The fact that local government has the power to stop infrastructure development that is supporting a national agenda is remarkable.
Tangibility and nondiscrimination are some of the strongest aspects of the fight—something that has been a thorn in the side of other movements in recent years. For example, the climate justice movement has frequently found difficulty with the fact that climatic changes are slow, long-term, and subject to local variation. Movements for racial justice are hampered by a consequence of the very problem they’re trying to solve: namely that people of different races and ethnicities have different experiences, creating extra work to move those whose privilege blinds them from oppression. Similarly, the movement for justice in Palestine is driven by empathy for those who are experiencing unimaginable violence, and much more rarely firsthand experiences of that genocidal violence.
In contrast, everyone in a locality breathes the same air, has to use the community’s water, and is subject to the electrical grid and its price fluctuations. This has brought a rare solidarity to the fight that has not been seen in many major social justice issues of the past handful of years. Focusing on the material dimension, in the manner than union organizing does, forces a politics of solidarity that cuts across partisanship, as everyone is suffering at the hands of the same financial oppressor.
Due to these local, tangible impacts, the composition of the anti-data center movement has also been noted as different from typical social justice movements—not falling only within the purview of the left or liberal center, but also including those who identify as Republicans. Data Center Watch reported that 55% of politicians taking stances against data centers are Republican, and 45% are Democrat.
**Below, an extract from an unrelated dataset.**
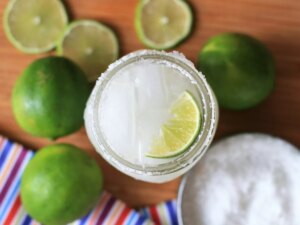 Overhead view of a keto margarita in a glass garnished with a lime wedge, with limes, lime slices and a bowl with salt in the background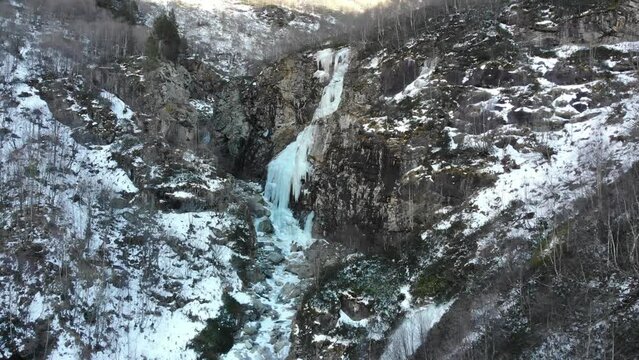 Caucasus, North Ossetia. Digoria Gorge. Frozen waterfall on the river Gebi.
Those who lean left are concerned about environmental impacts. Those who lean right are widely opposed to tax abatements for developers. And issues of power consumption, grid strain, and prices increasing are cross cutting.
Add to this that the current push for data centers is intrinsically linked, materially and ideologically, to the Trump administration and Big Tech’s push for AI to pervade every aspect of society. Pew Research reported in September of last year that 50% of Americans are more concerned than excited about AI (50% Republican, 51% Democrat), and only 10% are more excited than concerned. Moreover, 61% of polled respondents wanted “more control… over how AI is used in their lives”—61% of Republicans polled and 63% of Democrats. Distaste for AI and how strongly it is being forced on society is also bipartisan, as it is becoming a material reality for people regardless of their politics.
These aspects of the fight help explain why the movement is so widespread and able to block tens of billions of dollars of proposed development. But they do not tell the entire story of the success. One other major factor contributing to widespread victories in the anti-data center movement is the fact that most of these proposed data centers are subject to municipal law.
The tactics that appear to be most widely used to stop data centers are through local legislation that bans development through ordinances and zoning, local moratoria, rejecting permits that need to pass through local legislature, or by voting projects down via referendum or ballot measure. The fact that local government has the power to stop infrastructure development that is supporting a national agenda is remarkable. It speaks to the power of local politics—when there are mechanisms in place for actually wielding that power. When they are able to organize effectively, residents are actually able to use the democratic mechanisms in place in their municipalities to exert a level of control over their lives and futures.
This combination of factors makes the anti-data center movement incredibly powerful and strategically sound from a change-making perspective. The tangibility of the infrastructure and universality of effects make a clear group of people who stand to be harmed and can be organized. The instruments of local governance allowing people to effectively wield power allows for straightforward calls to action that can yield immediate, tangible results. The tractability and clarity of this type of fight puts in perspective what effective campaigns can look like.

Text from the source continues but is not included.